Posted On Sunday, July 01, 2012 at 08:20:43 AM
Recounting the years when the city equated encounter specialists with messiahs, Maximum focuses on two of the ilk who loved to hate each other more than they loved murdering a common enemy. The premise holds much promise and the protagonists are allowed a delicious range with real life stories to draw from. But the film fails at many levels.
Maximum’s problems start right up front. You have no idea where the story is heading because there is no crisis created, no path or goal imagined.
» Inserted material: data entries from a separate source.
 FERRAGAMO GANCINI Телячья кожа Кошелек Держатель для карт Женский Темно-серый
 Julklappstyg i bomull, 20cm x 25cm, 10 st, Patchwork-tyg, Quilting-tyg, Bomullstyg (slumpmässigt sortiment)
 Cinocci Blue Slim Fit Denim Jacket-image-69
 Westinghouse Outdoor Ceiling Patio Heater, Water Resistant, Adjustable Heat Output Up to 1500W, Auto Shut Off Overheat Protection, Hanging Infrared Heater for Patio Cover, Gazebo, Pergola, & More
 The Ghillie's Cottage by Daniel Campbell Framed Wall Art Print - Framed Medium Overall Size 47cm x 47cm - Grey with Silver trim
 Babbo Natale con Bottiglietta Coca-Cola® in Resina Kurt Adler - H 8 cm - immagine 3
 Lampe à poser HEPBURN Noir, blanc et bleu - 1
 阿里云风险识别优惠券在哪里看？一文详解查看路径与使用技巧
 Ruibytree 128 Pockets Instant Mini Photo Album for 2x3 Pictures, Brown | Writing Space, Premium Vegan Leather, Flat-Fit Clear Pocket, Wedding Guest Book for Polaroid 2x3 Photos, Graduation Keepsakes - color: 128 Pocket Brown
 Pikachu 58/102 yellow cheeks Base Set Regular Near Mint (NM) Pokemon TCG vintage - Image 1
Too many close-ups early on disengage viewers from getting their bearings.
The dialogue is often and unnecessarily cryptic and the decision to cut the movie in a non-linear manner muddles the story and doesn’t help matters. Not exactly wise choices when your main characters are straight talking cops.
Director Kabeer Kaushik uses all sorts of tricks to keep us hooked: an animated sequence, a Shakespeare soliloquy by the sea, 26/11 documentary footage… but instead of enriching the narrative, it serves merely to distract. And for a film about two policemen practically competing against each other in notching up encounter kills, Maximum is too much conversation, and too little action.
Even though it was nice to see dance bars in a film after a long time, there is an overdose of it. The Hindi version of the Tamil Aa Ante item song is just plain awful. Here is a line: “Main hoon atom bomb, Aa ja kare tara rum pom pom.”
Ultimately, Maximum fails because of poor craft. Flatly-lit cinematography, often unintentionally out-of-focus, pathetic audio design (example: sounds of tennis balls being hit and bouncing on a squash court!) and an overall lack of cohesiveness between scenes are its undoing.
Naseeruddin Shah is shortchanged in this role that looks as if it were written with someone else in mind. Sonu Sood continues to look like a young Amitabh Bachchan but his interpretation of being a ‘grey’ character is merely being flat with his delivery. He’s a better actor than this. Amit Sadh brings some cheer though, as the unassuming reporter who follows the story of the cops from beginning to end.
There’s nothing maximum about Maximum. If anything, it should’ve been called Average.